Adds graph schema prerequisite plus research-eval schema/docs/tests for Leo tool-use benchmarks and x402 research telemetry. Validated by full local pytest and green CI.
3.3 KiB
3.3 KiB
Teleo Agent Research Eval Schema v1
Apply this schema after teleo-agent-graph-v1.sql.
This schema records how Leo and other agents answer research requests, which tools they choose, what sources they cite, and whether benchmark cases passed. It is operational/economic telemetry, not the claim/evidence graph itself.
Design Commitments
- The graph schema remains the knowledge spine: persona, strategy, beliefs, claims, evidence, graph evals, and cascades.
- Research-eval rows explain how a request was handled and whether the route was good enough to trust or ship.
- Payment funds work. It does not directly mutate claims, confidence, beliefs, or rewards.
- Tool-use benchmarking must distinguish candidates, selected tools, executed tools, skipped tools, and rejected tools.

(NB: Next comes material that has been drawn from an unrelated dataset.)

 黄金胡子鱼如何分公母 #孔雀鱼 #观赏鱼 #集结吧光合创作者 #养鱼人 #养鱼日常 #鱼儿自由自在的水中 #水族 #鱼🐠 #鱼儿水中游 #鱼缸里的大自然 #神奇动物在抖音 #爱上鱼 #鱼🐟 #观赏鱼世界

- Secrets and private payloads are never stored. Tables store hashes, redacted excerpts, proof references, source metadata, and receipt ids.
Main Tables
| Table | Purpose |
|---|---|
agent_research_runs |
One row per research request from Telegram, API, checkout, CLI, or benchmark. |
agent_tool_invocations |
One row per candidate, selected, executed, skipped, rejected, fallback, or failed tool decision. |
agent_research_sources |
Retrieved or cited source rows tied to a run and optionally a tool invocation. |
agent_eval_cases |
Versioned benchmark prompts, expected routes/providers, tool constraints, tags, and rubrics. |
agent_eval_results |
Per-case result, routing correctness, tool score, source quality, groundedness, cost, and safety scores. |
work_order_graph_links |
Links sponsored work orders to research runs, tool traces, graph evals, evidence, claims, and outcomes. |
Leo x402 Research Flow
Telegram/API question
-> agent_research_runs
-> agent_tool_invocations
-> agent_research_sources
-> agent_eval_results when a benchmark case applies
-> work_order_graph_links when a paid work order or graph artifact is involved
For paid research, agent_research_runs.sponsored_work_order_id and
payment_receipt_id carry the external work-order/payment anchors. The payment
receipt table is still owned by the economic/payment layer; this schema only
keeps references.
Ranger Liquidation Guard
The Ranger benchmark class should be represented as:
agent_eval_cases.expected_route = 'web_search'agent_eval_cases.tags_jsonincludesranger_liquidatedagent_eval_cases.must_not_use_tools_jsonincludes market-data-only routesagent_tool_invocationsrecords market data asrejectedorskippedwhen it is not the right toolagent_eval_results.routing_correct = 1only if Leo routed to source-backed research instead of live-token valuation
This ensures "Ranger is liquidated/gone" is verified before any valuation framing and never silently treated as a normal live fair-value token question.
Minimum Invariants
- No row may set
secret_values_included = 1. - A benchmark result must link to both an eval case and a research run.
- Tool invocation sequence numbers are unique per research run.
- Scores are bounded between
0and1. - Research runs store prompt and answer hashes plus optional redacted excerpts, not raw private prompts.
outcome_observationsremain the downstream business-value layer; raw tool traces belong here, not there.